### YOUR TASK
Only the lines from the one containing "this 845×633 image." to the end of the entries should be written out, each exactly as it stands, both ends included.

### PROVIDED INFORMATION
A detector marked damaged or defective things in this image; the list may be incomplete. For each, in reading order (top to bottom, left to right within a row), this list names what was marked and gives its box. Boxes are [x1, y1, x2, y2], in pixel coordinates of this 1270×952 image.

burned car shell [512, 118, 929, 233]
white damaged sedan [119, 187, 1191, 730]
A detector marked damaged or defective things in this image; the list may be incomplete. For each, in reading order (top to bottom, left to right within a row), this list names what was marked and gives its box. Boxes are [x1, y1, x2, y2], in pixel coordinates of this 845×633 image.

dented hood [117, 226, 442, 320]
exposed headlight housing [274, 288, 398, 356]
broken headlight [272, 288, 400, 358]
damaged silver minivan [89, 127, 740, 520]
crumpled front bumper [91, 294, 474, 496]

### WORKED SOLUTION
A detector marked damaged or defective things in this image; the list may be incomplete. For each, in reading order (top to bottom, left to right within a row), this list names what was marked and gives its box. Boxes are [x1, y1, x2, y2], in pixel coordinates of this 845×633 image.

dented hood [117, 226, 442, 320]
exposed headlight housing [274, 288, 398, 356]
broken headlight [272, 288, 400, 358]
damaged silver minivan [89, 127, 740, 520]
crumpled front bumper [91, 294, 474, 496]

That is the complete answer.